Gaard converted to Judaism in 1982, an event that ignited his interest in the Kabbala. His focus has been on the sephiroth, a graphic representation of physical and metaphysical realms, which found its way into the artist’s experiments with different styles and media, some of which are included in the retrospective.
Despite Gaard’s playfulness, this show is not for the kinderlach (children). There are a few of Gaard’s more erotic paintings — playful, but graphic — in the exhibition that might make this show off-limits for very protective parents.
No matter on which side of the river you live, the show currently on display at the Sabes JCC’s Tychman Shapiro Gallery will not offend. Fitting In features the works of three artists with distinct styles using very different media to explore the theme of community: how it is formed, and the roles of individuals facing society’s rules and customs.
Local gallerygoers will recognize Scott Seekins, who appears as his enigmatic self in a series of photographs taken along Hennepin Avenue next to the Walker Art Center. At first glance, all appear to show Seekins as a homeless man, holding signs that generally announce, “Out of work… please help” or the like. Wrong. The signs, in English and Hebrew, contain philosophical messages or quotations from famous Jews such as Anne Frank.
Clearly, Seekins is the model, producer and director of the photography, but as such leaves the actual lens-clicking to others, such as the Tychman Shapiro Gallery’s director, artist Robin Awend.

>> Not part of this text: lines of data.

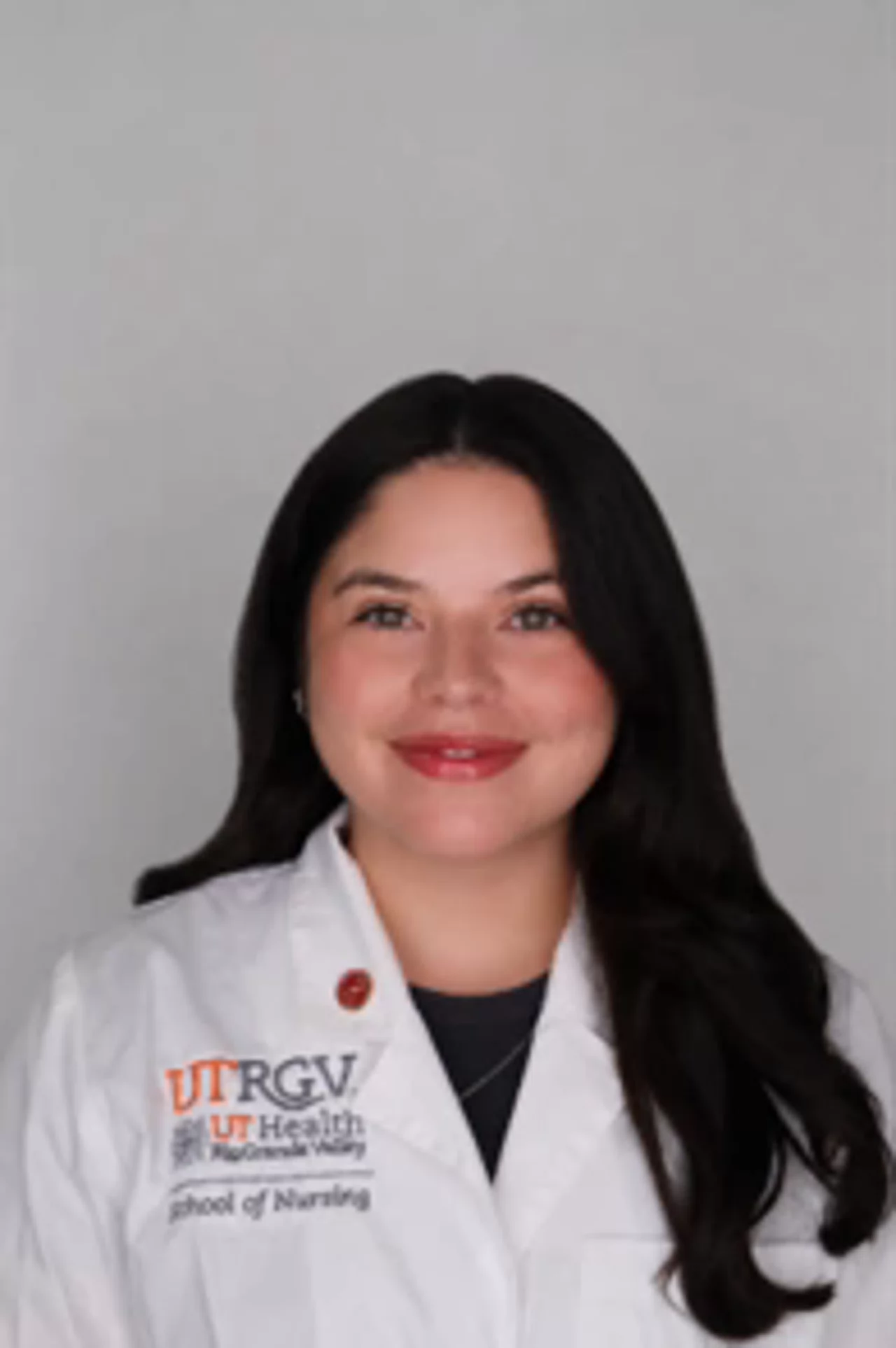 Portrait of Amanda Contreras wearing a white UTRGV School of Nursing lab coat, smiling at the camera against a light background.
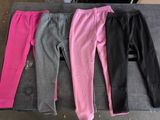 trois paires de pantalons roses et noirs posées sur une table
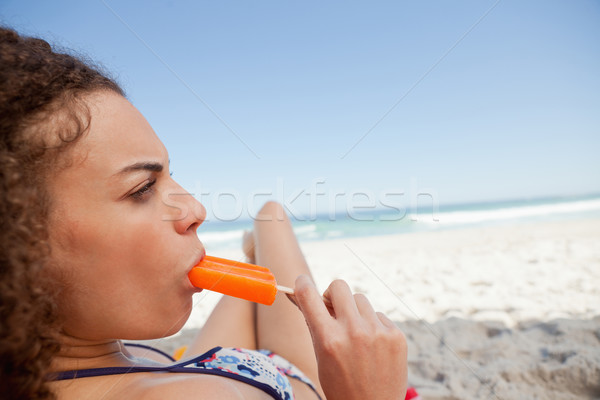 Jovem mulher atraente alimentação toalha de praia praia Foto stock © wavebreak_media
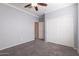 Bedroom with double door closet and neutral colored walls at 2702 E Saddlebrook Rd, Gilbert, AZ 85298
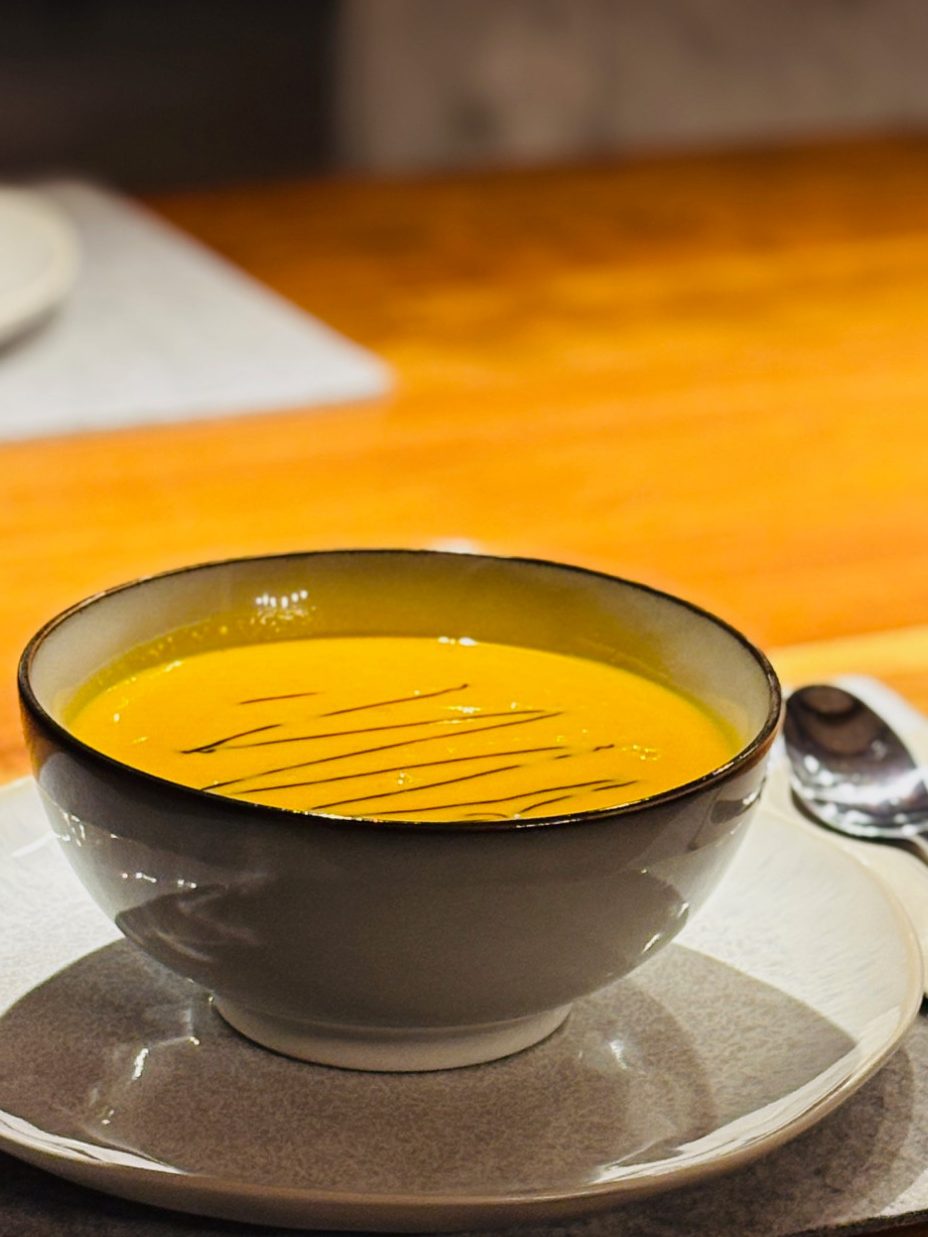 Schale mit cremiger Kürbissuppe, garnierte Oberfläche in einem Restaurant.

Minnesotan Shana Kaplow offers paintings of people in places and apart from places. In the latter, her paintings “Left” and “Old Song,” the empty spaces clearly leave room for images of people who were in the place depicted only in our minds and the mind of the artist, or are no longer there; or they could be in the space, but are not. Their ghostly absences are all that is visible to the gallery guest.

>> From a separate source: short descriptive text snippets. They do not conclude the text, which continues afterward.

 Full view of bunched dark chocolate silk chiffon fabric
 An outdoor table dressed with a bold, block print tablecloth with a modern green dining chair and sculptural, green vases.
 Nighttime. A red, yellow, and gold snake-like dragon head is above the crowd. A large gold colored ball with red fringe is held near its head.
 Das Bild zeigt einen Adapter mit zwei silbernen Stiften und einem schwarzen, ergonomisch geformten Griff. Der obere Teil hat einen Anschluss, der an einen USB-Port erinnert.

- “Left” by Shana Kaplow is included in Fitting In, a group exhibit on display in the Tychman Shapiro Gallery at the Sabes JCC. (Photo: Shana Kaplow)
Etty Horowitz’s art travelled from Texas to be included in the show. Her wire and ribbon installation, “Horah,” connects life-sized figures made of wire in a festive dance that anyone who has attended a Bar Mitzva or Jewish wedding can recognize. The wire figures are outlines, made three-dimensional by excellent lighting, that depict the range of expertise and emotion of the various dancers: from the joy in the faces and bodies of those who really know how to do a grape-vine step, to the fear and embarrassment felt by the klutz who tripped on her own feet and lies halfway prone on the floor.
Horowitz’s ability to create such emotional impressions that are easily recognized, using just a bent piece of wire, is truly remarkable.
With these three artists, the show runs the gamut of the artist fitting — or not — into the large society of caring and uncaring passersby in an urban setting, to the tiny group setting of a dance where not knowing or not following the rules can result in pain and embarrassment.
Fitting In will be at the Sabes JCC until March 22.